• Aim of the exercise
Go through the listing below and write out exactly the lines from the one that mentions "Used Chery Tiggo" through the one that mentions "Des affrontements ont", minus the pictures.

• Records for this exercise

========================================================================

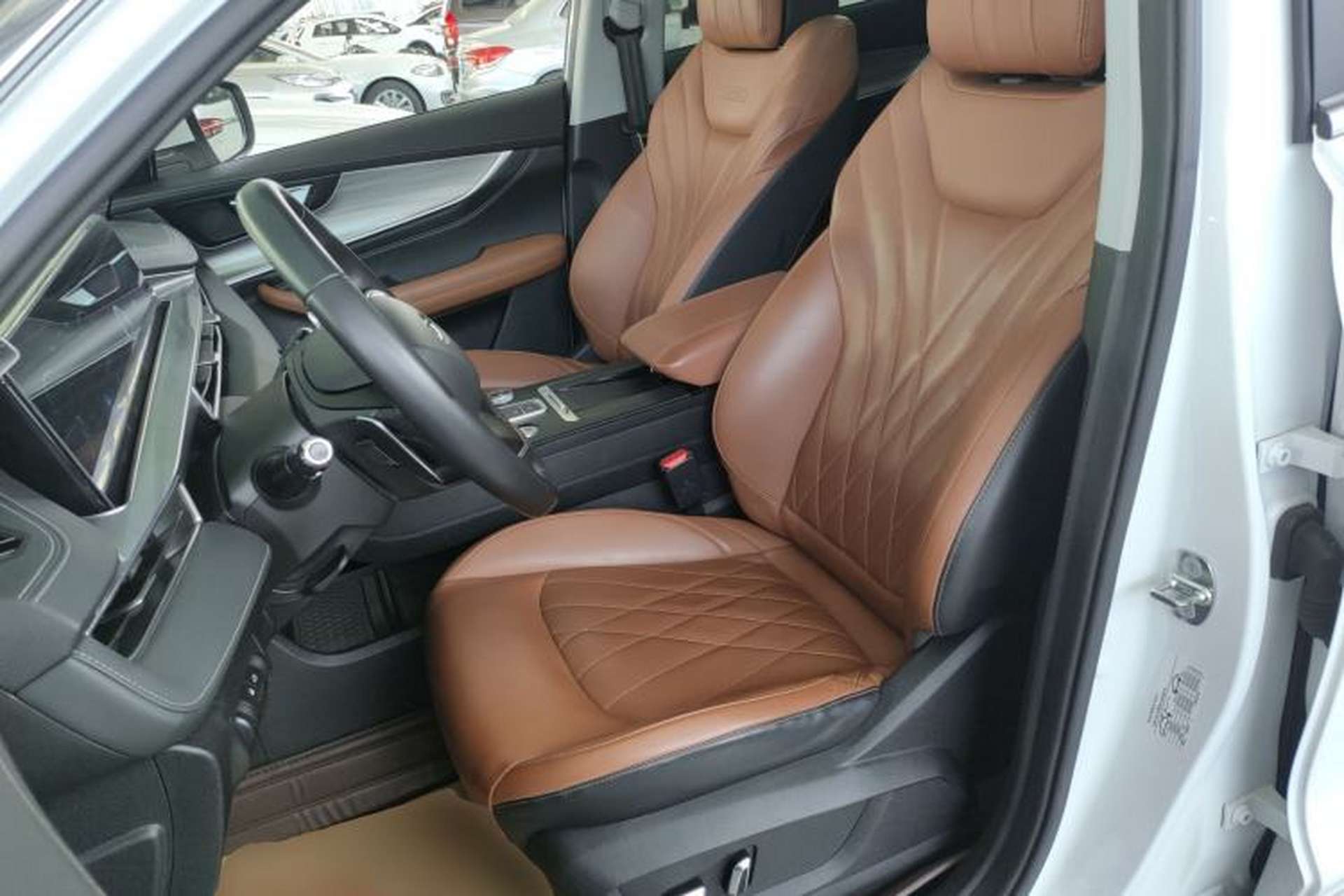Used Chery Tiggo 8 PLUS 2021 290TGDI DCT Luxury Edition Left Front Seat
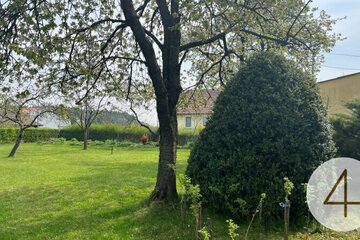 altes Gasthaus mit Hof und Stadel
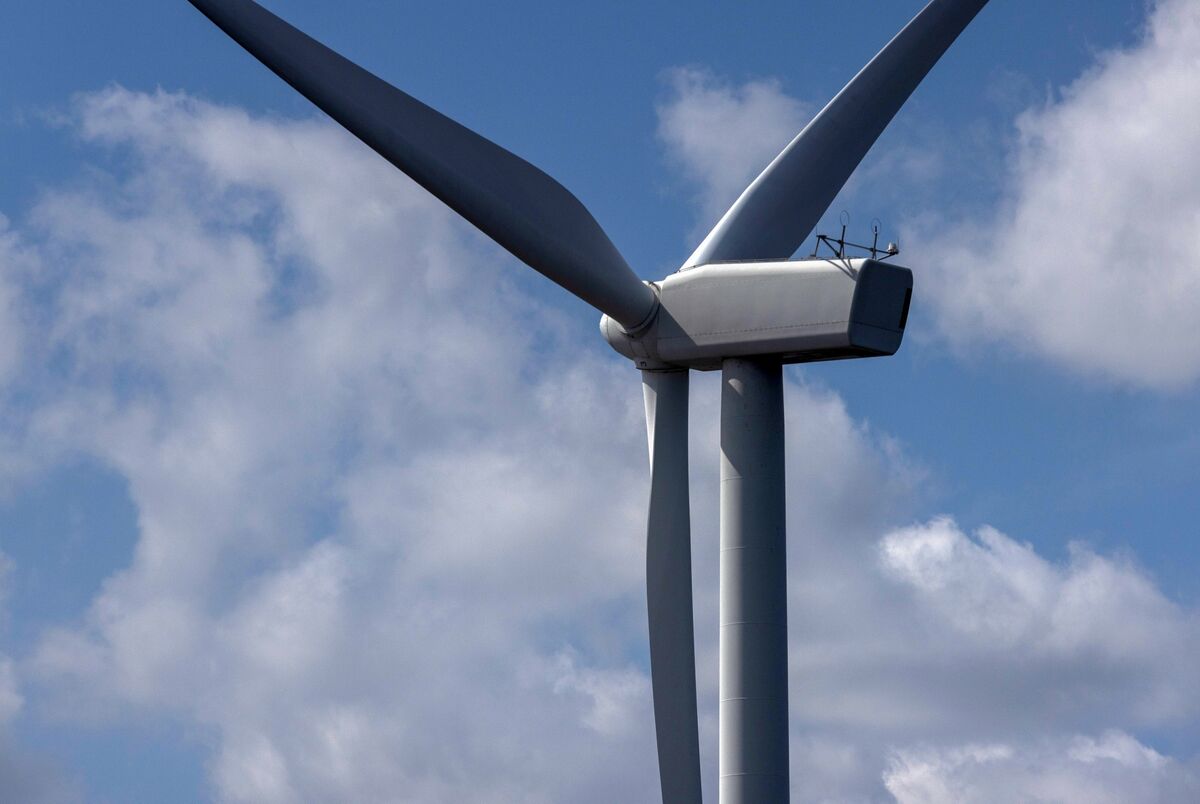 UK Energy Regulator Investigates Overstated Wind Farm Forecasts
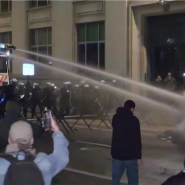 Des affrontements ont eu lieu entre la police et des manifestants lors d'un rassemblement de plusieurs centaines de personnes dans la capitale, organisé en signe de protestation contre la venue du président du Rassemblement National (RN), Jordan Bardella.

========================================================================

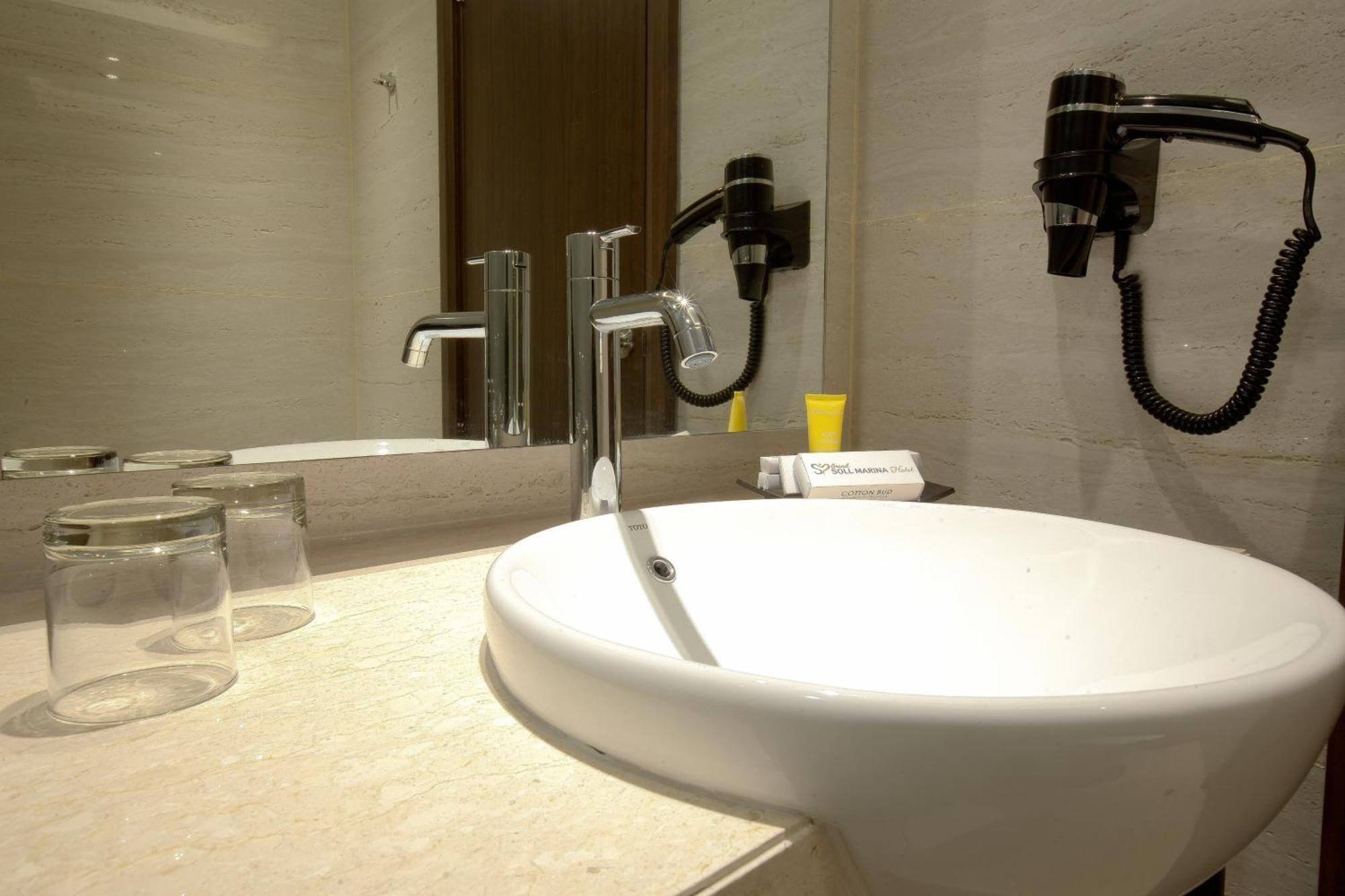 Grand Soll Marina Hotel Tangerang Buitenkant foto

========================================================================

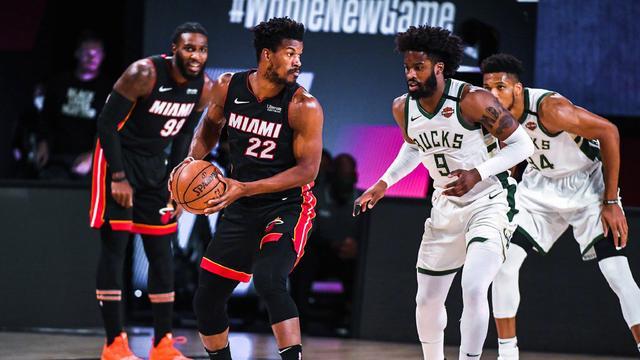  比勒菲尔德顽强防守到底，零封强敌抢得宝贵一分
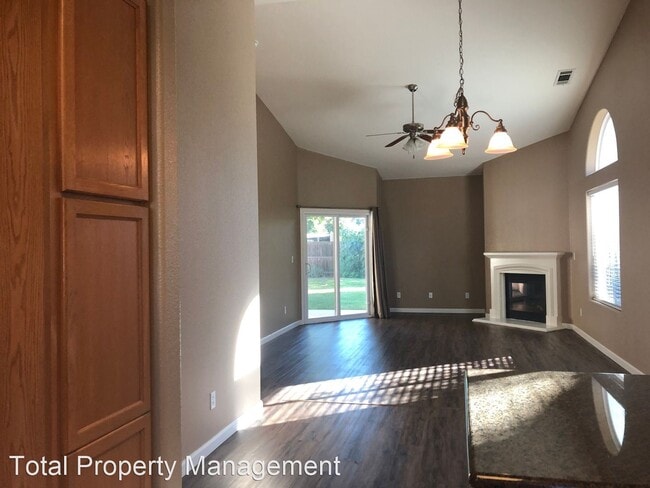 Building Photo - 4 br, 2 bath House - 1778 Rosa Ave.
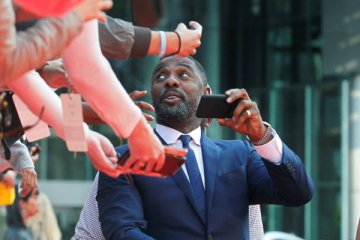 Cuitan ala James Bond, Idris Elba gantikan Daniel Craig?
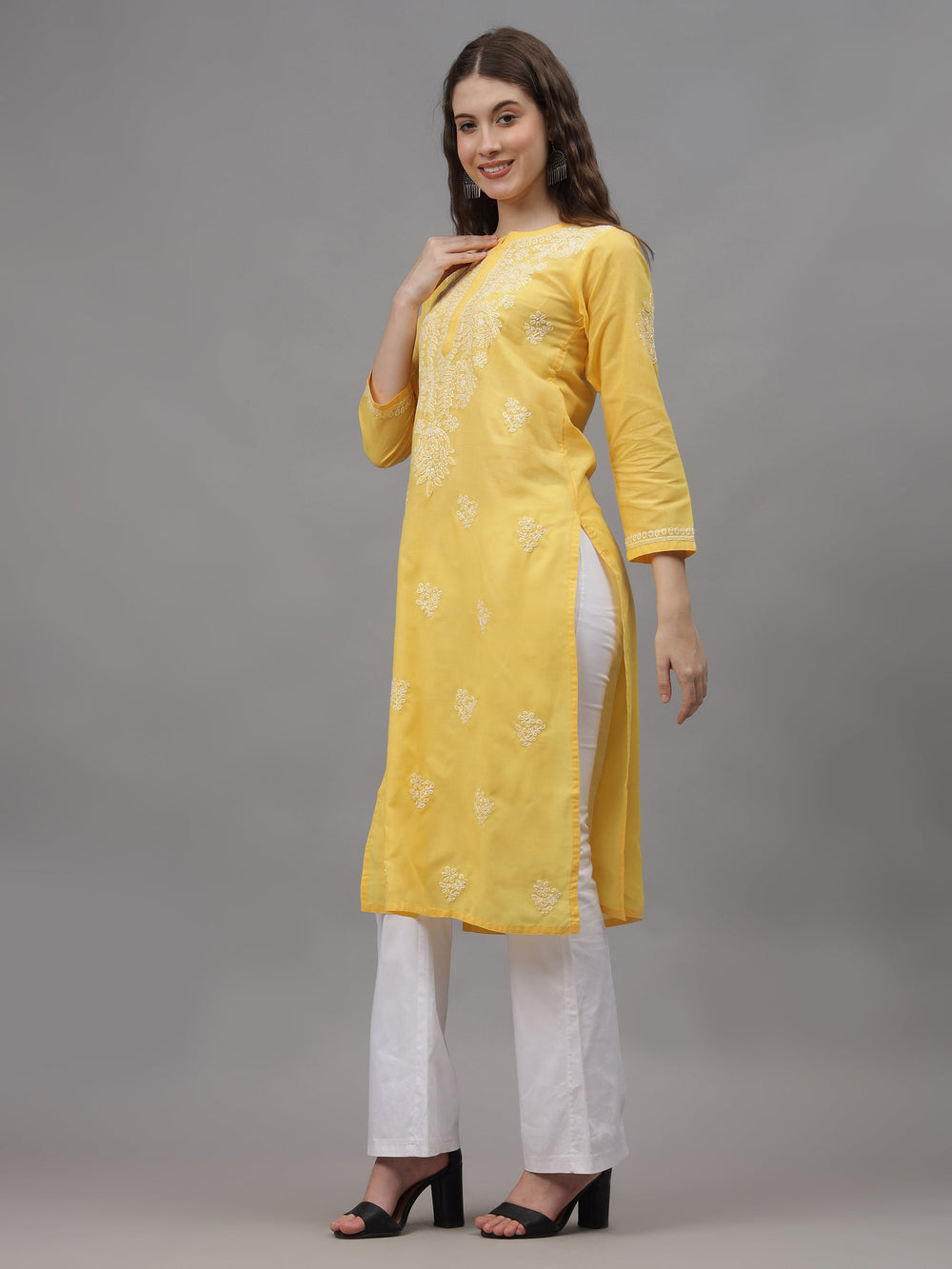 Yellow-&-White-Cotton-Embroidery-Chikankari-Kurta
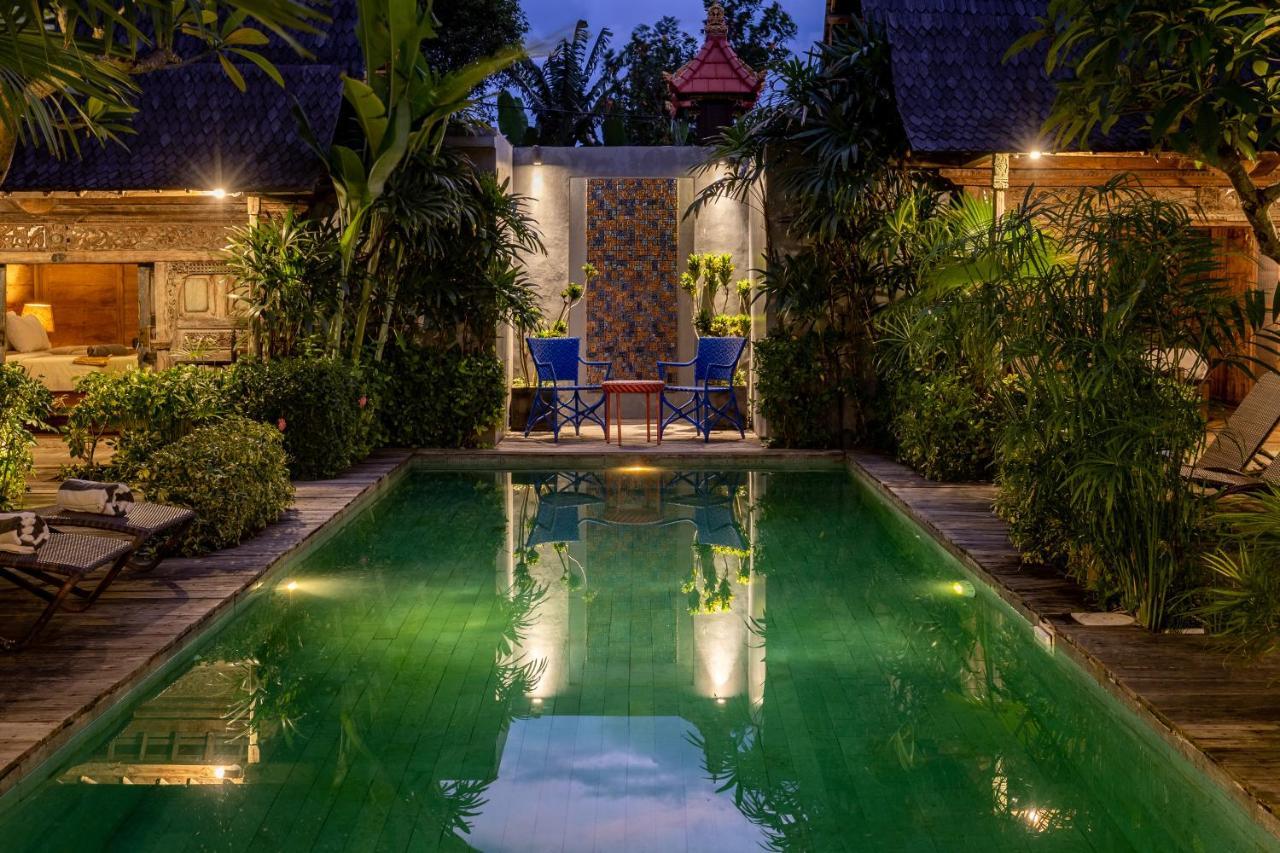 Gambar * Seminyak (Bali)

========================================================================

• Reply to the exercise
Used Chery Tiggo 8 PLUS 2021 290TGDI DCT Luxury Edition Left Front Seat
 altes Gasthaus mit Hof und Stadel
 UK Energy Regulator Investigates Overstated Wind Farm Forecasts
 Des affrontements ont eu lieu entre la police et des manifestants lors d'un rassemblement de plusieurs centaines de personnes dans la capitale, organisé en signe de protestation contre la venue du président du Rassemblement National (RN), Jordan Bardella.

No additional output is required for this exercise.